柄谷行人という批評家/思想家の圧倒的力量が分かる力作。
アメリカでも一部に高く評価された名著である。世界的なレベルの著作と言って良い。
本書で柄谷は、カントからマルクスを読み、マルクスからカントを読み、両者を交差させ、
その共通点から、今日の世界の課題を解決する道を探っている。
それまでマルクスと言えば、カントというよりもヘーゲルとの関わりが重視されることが
多かったわけだが、柄谷はヘーゲルの代わりにカントを持って来た。
それは、彼が「資本=ネーション=ステート」を乗り越える道を模索しているからで、
資本主義と不可避的に結びつく国家というものを肯定するヘーゲルに問題を見るからであろう。
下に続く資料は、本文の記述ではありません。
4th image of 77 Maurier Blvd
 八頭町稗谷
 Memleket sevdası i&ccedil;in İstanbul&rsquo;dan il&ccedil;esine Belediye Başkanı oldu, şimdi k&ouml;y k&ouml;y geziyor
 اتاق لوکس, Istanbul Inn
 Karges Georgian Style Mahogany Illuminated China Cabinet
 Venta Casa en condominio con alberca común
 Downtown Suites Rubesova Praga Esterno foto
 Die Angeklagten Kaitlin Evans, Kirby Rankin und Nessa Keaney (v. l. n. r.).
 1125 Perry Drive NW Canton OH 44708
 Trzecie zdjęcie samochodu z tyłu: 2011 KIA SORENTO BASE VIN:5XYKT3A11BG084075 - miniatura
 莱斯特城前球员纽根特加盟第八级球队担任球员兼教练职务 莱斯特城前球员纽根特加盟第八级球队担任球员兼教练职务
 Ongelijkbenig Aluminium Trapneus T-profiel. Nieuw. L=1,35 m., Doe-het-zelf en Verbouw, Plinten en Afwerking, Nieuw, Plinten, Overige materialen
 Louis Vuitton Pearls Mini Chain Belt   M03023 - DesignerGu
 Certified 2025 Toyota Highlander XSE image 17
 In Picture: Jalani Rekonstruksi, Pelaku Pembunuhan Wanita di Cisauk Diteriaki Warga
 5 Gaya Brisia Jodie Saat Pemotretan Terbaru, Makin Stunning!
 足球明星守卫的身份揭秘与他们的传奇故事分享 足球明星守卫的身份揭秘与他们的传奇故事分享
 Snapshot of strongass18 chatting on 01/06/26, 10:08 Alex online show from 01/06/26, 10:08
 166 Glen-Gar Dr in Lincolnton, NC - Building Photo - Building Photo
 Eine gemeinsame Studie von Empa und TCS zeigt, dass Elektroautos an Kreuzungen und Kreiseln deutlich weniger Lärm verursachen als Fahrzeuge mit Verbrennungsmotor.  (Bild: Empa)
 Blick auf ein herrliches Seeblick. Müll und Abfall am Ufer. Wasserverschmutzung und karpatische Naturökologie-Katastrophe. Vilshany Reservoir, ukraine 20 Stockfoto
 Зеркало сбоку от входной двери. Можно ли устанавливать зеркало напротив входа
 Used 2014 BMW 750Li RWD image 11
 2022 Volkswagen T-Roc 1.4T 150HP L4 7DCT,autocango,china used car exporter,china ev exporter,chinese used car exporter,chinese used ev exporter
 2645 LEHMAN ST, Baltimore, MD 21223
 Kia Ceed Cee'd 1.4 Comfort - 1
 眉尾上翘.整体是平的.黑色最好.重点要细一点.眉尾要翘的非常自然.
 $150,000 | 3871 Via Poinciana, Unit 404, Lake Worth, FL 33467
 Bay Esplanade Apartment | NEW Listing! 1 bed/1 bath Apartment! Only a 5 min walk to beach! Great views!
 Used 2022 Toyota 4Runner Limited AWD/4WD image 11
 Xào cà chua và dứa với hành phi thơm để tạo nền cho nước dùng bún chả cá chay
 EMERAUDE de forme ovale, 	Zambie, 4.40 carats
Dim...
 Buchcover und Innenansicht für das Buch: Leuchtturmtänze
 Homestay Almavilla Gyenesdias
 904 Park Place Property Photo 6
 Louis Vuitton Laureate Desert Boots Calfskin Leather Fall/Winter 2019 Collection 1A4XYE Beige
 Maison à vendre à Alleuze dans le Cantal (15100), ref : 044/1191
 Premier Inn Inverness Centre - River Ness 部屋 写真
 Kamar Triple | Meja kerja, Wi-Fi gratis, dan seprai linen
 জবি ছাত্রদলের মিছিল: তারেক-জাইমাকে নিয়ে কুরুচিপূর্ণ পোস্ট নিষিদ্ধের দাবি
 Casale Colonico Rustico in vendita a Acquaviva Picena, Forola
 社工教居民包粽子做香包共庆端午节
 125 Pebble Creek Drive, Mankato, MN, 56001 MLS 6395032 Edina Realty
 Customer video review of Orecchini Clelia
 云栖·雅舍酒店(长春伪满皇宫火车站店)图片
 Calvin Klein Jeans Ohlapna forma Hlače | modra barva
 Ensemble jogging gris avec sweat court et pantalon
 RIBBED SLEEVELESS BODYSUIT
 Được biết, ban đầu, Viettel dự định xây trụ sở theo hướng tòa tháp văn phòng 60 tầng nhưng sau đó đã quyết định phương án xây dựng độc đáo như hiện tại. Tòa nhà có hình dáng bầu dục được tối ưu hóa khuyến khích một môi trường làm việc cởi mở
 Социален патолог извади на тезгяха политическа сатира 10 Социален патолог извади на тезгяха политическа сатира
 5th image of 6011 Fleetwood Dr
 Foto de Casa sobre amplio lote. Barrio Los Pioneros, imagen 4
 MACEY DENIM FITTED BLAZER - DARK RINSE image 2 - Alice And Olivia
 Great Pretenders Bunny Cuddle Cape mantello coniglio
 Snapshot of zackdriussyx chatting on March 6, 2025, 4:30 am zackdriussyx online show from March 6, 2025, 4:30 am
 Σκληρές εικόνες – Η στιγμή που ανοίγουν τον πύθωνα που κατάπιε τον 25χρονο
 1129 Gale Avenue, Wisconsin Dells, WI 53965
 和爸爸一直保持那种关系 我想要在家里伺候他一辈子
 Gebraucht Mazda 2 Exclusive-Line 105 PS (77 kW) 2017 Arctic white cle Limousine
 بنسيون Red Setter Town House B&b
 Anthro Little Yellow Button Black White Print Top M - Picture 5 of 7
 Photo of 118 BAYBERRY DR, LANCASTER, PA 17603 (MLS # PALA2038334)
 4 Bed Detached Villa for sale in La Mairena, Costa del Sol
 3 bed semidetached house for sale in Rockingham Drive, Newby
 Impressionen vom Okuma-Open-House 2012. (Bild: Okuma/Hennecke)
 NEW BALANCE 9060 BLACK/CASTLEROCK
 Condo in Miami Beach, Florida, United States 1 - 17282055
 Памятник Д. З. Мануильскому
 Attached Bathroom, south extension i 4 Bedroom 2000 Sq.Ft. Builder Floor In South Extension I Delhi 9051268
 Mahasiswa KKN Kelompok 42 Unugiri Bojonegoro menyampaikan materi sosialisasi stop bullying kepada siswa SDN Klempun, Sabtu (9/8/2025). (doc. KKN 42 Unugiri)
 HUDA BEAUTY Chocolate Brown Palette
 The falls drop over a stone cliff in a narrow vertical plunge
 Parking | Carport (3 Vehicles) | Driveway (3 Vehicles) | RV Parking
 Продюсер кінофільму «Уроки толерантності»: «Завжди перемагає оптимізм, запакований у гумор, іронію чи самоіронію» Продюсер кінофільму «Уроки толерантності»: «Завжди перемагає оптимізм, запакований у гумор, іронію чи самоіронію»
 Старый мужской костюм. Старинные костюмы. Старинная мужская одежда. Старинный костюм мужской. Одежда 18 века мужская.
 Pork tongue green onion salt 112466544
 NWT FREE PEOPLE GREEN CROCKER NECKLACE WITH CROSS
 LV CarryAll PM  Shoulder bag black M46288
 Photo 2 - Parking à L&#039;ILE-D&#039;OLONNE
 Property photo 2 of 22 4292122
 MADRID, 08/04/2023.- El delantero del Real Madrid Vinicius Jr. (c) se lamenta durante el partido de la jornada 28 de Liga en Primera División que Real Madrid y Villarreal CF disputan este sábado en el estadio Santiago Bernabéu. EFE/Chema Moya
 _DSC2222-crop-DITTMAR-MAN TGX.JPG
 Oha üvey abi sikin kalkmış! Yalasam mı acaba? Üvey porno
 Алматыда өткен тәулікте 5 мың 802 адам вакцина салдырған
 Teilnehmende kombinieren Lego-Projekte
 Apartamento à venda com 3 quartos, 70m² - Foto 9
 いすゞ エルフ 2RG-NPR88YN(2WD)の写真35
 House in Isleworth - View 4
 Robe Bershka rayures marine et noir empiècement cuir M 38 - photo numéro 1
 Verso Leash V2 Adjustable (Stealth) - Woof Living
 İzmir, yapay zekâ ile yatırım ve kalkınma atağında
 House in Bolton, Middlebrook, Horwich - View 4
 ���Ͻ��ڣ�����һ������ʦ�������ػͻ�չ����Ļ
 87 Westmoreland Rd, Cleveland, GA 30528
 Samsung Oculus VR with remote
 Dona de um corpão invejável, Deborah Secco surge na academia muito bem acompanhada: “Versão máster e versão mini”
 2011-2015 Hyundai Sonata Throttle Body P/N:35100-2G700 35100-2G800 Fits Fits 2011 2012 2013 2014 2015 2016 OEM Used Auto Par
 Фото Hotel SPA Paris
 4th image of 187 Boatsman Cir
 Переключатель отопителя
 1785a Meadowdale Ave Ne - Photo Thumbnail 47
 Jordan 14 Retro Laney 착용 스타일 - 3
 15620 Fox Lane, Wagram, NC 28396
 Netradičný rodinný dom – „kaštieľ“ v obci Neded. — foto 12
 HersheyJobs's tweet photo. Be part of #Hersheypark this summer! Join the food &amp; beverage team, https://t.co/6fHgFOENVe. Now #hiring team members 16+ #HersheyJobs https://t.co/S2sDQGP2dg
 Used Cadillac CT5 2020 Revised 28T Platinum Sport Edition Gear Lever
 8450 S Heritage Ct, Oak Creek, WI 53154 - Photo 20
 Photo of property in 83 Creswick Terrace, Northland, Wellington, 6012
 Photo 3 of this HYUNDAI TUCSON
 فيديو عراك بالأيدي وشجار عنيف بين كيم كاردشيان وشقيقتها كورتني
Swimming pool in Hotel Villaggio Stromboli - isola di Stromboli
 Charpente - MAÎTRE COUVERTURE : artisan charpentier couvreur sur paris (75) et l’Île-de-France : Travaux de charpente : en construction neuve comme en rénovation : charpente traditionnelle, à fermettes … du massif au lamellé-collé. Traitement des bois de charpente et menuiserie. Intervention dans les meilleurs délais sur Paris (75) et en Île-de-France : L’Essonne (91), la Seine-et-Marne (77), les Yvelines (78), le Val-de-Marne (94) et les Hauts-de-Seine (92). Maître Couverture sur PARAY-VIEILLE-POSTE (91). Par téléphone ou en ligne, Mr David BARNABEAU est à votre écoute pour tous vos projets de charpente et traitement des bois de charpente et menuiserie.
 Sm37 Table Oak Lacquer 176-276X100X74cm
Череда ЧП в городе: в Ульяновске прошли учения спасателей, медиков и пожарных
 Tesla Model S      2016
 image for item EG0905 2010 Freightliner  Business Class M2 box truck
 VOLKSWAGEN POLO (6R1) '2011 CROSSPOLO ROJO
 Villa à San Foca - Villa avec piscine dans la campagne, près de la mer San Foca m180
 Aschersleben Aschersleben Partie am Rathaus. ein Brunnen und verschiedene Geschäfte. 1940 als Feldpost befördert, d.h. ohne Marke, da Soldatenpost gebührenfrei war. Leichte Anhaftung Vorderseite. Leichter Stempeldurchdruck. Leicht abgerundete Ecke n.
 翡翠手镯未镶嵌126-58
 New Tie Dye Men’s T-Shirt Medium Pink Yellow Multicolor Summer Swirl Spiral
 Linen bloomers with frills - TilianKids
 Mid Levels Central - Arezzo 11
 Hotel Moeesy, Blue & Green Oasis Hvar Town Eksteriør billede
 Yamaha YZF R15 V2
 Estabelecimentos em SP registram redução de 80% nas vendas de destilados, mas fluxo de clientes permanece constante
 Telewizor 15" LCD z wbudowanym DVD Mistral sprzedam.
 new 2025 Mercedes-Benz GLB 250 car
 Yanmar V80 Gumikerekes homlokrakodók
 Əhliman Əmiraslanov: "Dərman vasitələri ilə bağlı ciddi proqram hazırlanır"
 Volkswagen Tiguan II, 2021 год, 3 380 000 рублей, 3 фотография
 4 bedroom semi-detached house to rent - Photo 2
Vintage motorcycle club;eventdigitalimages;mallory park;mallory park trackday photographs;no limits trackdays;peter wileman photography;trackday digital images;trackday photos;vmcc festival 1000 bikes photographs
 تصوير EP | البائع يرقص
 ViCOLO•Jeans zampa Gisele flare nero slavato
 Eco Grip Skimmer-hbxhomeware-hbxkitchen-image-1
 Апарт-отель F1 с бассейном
代わりに柄谷はカントの「世界共和国」という概念に、マルクスの「世界同時革命」に通じる、
既存の国家形態を乗り越えた世界のあり方を見ている。
最終的にはそのような世界のあり方が目指されるというわけだろうが、そこに行き着くまでの
過程で、「資本=ネーション=ステート」に内部から対抗するための軸として、
アソシエーションというものが重視される。
そして、ここは賛否両論を生むところだろうが、そこには国家=政府というものを否定する
アナーキズムへの親和性というものが存在していることは事実である。
ともあれ、ドゥルーズ=ガタリの「アンチ・オイディプス」「千のプラトー」とは
違った形で、現代における資本主義国家への対抗軸のヴィジョンを独自に打ち出しており、
そこには荒唐無稽ではない現実性と説得力が存在している。
この一冊で柄谷は世界的思想家の仲間入りをしたと言えるだろう。
現代社会のあり方に疑問を感じておられる方には、ご一読を勧めたい。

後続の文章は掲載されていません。